Exercise goal
Give back all the records exactly, keeping every line whole.

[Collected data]

:::

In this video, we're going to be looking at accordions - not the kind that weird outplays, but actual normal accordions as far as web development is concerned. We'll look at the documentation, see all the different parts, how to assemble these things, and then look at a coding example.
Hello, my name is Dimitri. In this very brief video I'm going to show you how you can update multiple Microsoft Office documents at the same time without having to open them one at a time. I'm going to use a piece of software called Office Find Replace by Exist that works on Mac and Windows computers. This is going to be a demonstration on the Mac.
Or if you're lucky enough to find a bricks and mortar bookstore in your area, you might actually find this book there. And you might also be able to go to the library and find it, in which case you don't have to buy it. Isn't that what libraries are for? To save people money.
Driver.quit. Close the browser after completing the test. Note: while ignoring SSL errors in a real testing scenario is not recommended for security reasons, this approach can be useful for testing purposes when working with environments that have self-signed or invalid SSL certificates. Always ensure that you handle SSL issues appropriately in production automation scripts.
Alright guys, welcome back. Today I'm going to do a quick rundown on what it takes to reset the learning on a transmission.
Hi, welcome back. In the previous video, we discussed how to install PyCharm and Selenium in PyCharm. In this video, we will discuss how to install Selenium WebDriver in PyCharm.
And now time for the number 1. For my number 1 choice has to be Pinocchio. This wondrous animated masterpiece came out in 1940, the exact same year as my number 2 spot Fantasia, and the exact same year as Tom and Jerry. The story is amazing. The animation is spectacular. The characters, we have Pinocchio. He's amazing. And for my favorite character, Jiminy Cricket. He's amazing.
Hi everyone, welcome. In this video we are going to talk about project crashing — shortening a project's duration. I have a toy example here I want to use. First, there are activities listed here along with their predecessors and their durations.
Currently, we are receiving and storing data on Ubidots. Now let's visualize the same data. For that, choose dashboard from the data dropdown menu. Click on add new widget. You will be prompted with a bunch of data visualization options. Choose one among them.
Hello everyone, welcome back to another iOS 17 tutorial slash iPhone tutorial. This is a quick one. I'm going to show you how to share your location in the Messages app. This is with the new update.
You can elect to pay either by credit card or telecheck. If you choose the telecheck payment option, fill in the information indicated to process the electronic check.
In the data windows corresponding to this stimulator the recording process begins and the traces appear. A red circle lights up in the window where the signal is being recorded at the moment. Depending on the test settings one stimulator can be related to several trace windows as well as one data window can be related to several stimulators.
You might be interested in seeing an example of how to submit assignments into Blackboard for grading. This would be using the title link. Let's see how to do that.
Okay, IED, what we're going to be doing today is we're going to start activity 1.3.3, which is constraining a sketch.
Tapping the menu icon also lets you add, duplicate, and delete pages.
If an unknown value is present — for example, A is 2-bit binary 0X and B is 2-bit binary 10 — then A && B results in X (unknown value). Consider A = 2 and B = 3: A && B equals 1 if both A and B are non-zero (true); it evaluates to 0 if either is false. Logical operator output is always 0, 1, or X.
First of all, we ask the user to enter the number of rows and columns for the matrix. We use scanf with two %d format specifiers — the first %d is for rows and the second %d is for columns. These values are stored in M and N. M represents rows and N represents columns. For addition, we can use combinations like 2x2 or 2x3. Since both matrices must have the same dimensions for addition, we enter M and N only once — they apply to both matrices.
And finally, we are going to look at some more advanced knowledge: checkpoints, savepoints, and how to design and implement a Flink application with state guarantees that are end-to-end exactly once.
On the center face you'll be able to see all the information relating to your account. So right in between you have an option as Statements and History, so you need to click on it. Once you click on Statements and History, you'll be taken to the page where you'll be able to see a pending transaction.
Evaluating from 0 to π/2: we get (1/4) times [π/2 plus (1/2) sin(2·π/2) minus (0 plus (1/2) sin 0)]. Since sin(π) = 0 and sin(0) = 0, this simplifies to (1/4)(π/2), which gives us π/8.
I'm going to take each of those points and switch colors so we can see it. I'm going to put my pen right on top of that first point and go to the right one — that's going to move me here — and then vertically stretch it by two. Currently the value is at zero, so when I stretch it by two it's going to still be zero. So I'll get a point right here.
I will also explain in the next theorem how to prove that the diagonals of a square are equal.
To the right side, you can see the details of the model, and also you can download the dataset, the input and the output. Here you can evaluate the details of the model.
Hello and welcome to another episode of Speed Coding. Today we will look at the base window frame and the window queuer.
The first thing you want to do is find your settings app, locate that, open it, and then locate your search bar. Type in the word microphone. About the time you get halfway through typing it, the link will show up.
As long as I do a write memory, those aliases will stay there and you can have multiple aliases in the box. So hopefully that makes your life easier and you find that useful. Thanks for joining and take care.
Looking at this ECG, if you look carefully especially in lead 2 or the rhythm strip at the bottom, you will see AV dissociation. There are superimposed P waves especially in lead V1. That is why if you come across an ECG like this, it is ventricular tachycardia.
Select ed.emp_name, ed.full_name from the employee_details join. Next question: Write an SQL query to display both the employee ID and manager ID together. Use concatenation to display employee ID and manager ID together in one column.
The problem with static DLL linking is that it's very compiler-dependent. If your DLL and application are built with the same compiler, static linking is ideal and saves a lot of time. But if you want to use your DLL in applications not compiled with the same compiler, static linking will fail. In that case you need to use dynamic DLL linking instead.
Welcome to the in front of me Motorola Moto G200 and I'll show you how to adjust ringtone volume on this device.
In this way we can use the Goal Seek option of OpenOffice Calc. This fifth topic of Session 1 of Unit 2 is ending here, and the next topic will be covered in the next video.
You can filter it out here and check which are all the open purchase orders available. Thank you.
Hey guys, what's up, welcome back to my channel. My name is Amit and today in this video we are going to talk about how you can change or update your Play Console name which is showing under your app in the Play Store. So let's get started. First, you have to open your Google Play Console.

:::

Reply
In this video, we're going to be looking at accordions - not the kind that weird outplays, but actual normal accordions as far as web development is concerned. We'll look at the documentation, see all the different parts, how to assemble these things, and then look at a coding example.
Hello, my name is Dimitri. In this very brief video I'm going to show you how you can update multiple Microsoft Office documents at the same time without having to open them one at a time. I'm going to use a piece of software called Office Find Replace by Exist that works on Mac and Windows computers. This is going to be a demonstration on the Mac.
Or if you're lucky enough to find a bricks and mortar bookstore in your area, you might actually find this book there. And you might also be able to go to the library and find it, in which case you don't have to buy it. Isn't that what libraries are for? To save people money.
Driver.quit. Close the browser after completing the test. Note: while ignoring SSL errors in a real testing scenario is not recommended for security reasons, this approach can be useful for testing purposes when working with environments that have self-signed or invalid SSL certificates. Always ensure that you handle SSL issues appropriately in production automation scripts.
Alright guys, welcome back. Today I'm going to do a quick rundown on what it takes to reset the learning on a transmission.
Hi, welcome back. In the previous video, we discussed how to install PyCharm and Selenium in PyCharm. In this video, we will discuss how to install Selenium WebDriver in PyCharm.
And now time for the number 1. For my number 1 choice has to be Pinocchio. This wondrous animated masterpiece came out in 1940, the exact same year as my number 2 spot Fantasia, and the exact same year as Tom and Jerry. The story is amazing. The animation is spectacular. The characters, we have Pinocchio. He's amazing. And for my favorite character, Jiminy Cricket. He's amazing.
Hi everyone, welcome. In this video we are going to talk about project crashing — shortening a project's duration. I have a toy example here I want to use. First, there are activities listed here along with their predecessors and their durations.
Currently, we are receiving and storing data on Ubidots. Now let's visualize the same data. For that, choose dashboard from the data dropdown menu. Click on add new widget. You will be prompted with a bunch of data visualization options. Choose one among them.
Hello everyone, welcome back to another iOS 17 tutorial slash iPhone tutorial. This is a quick one. I'm going to show you how to share your location in the Messages app. This is with the new update.
You can elect to pay either by credit card or telecheck. If you choose the telecheck payment option, fill in the information indicated to process the electronic check.
In the data windows corresponding to this stimulator the recording process begins and the traces appear. A red circle lights up in the window where the signal is being recorded at the moment. Depending on the test settings one stimulator can be related to several trace windows as well as one data window can be related to several stimulators.
You might be interested in seeing an example of how to submit assignments into Blackboard for grading. This would be using the title link. Let's see how to do that.
Okay, IED, what we're going to be doing today is we're going to start activity 1.3.3, which is constraining a sketch.
Tapping the menu icon also lets you add, duplicate, and delete pages.
If an unknown value is present — for example, A is 2-bit binary 0X and B is 2-bit binary 10 — then A && B results in X (unknown value). Consider A = 2 and B = 3: A && B equals 1 if both A and B are non-zero (true); it evaluates to 0 if either is false. Logical operator output is always 0, 1, or X.
First of all, we ask the user to enter the number of rows and columns for the matrix. We use scanf with two %d format specifiers — the first %d is for rows and the second %d is for columns. These values are stored in M and N. M represents rows and N represents columns. For addition, we can use combinations like 2x2 or 2x3. Since both matrices must have the same dimensions for addition, we enter M and N only once — they apply to both matrices.
And finally, we are going to look at some more advanced knowledge: checkpoints, savepoints, and how to design and implement a Flink application with state guarantees that are end-to-end exactly once.
On the center face you'll be able to see all the information relating to your account. So right in between you have an option as Statements and History, so you need to click on it. Once you click on Statements and History, you'll be taken to the page where you'll be able to see a pending transaction.
Evaluating from 0 to π/2: we get (1/4) times [π/2 plus (1/2) sin(2·π/2) minus (0 plus (1/2) sin 0)]. Since sin(π) = 0 and sin(0) = 0, this simplifies to (1/4)(π/2), which gives us π/8.
I'm going to take each of those points and switch colors so we can see it. I'm going to put my pen right on top of that first point and go to the right one — that's going to move me here — and then vertically stretch it by two. Currently the value is at zero, so when I stretch it by two it's going to still be zero. So I'll get a point right here.
I will also explain in the next theorem how to prove that the diagonals of a square are equal.
To the right side, you can see the details of the model, and also you can download the dataset, the input and the output. Here you can evaluate the details of the model.
Hello and welcome to another episode of Speed Coding. Today we will look at the base window frame and the window queuer.
The first thing you want to do is find your settings app, locate that, open it, and then locate your search bar. Type in the word microphone. About the time you get halfway through typing it, the link will show up.
As long as I do a write memory, those aliases will stay there and you can have multiple aliases in the box. So hopefully that makes your life easier and you find that useful. Thanks for joining and take care.
Looking at this ECG, if you look carefully especially in lead 2 or the rhythm strip at the bottom, you will see AV dissociation. There are superimposed P waves especially in lead V1. That is why if you come across an ECG like this, it is ventricular tachycardia.
Select ed.emp_name, ed.full_name from the employee_details join. Next question: Write an SQL query to display both the employee ID and manager ID together. Use concatenation to display employee ID and manager ID together in one column.
The problem with static DLL linking is that it's very compiler-dependent. If your DLL and application are built with the same compiler, static linking is ideal and saves a lot of time. But if you want to use your DLL in applications not compiled with the same compiler, static linking will fail. In that case you need to use dynamic DLL linking instead.
Welcome to the in front of me Motorola Moto G200 and I'll show you how to adjust ringtone volume on this device.
In this way we can use the Goal Seek option of OpenOffice Calc. This fifth topic of Session 1 of Unit 2 is ending here, and the next topic will be covered in the next video.
You can filter it out here and check which are all the open purchase orders available. Thank you.
Hey guys, what's up, welcome back to my channel. My name is Amit and today in this video we are going to talk about how you can change or update your Play Console name which is showing under your app in the Play Store. So let's get started. First, you have to open your Google Play Console.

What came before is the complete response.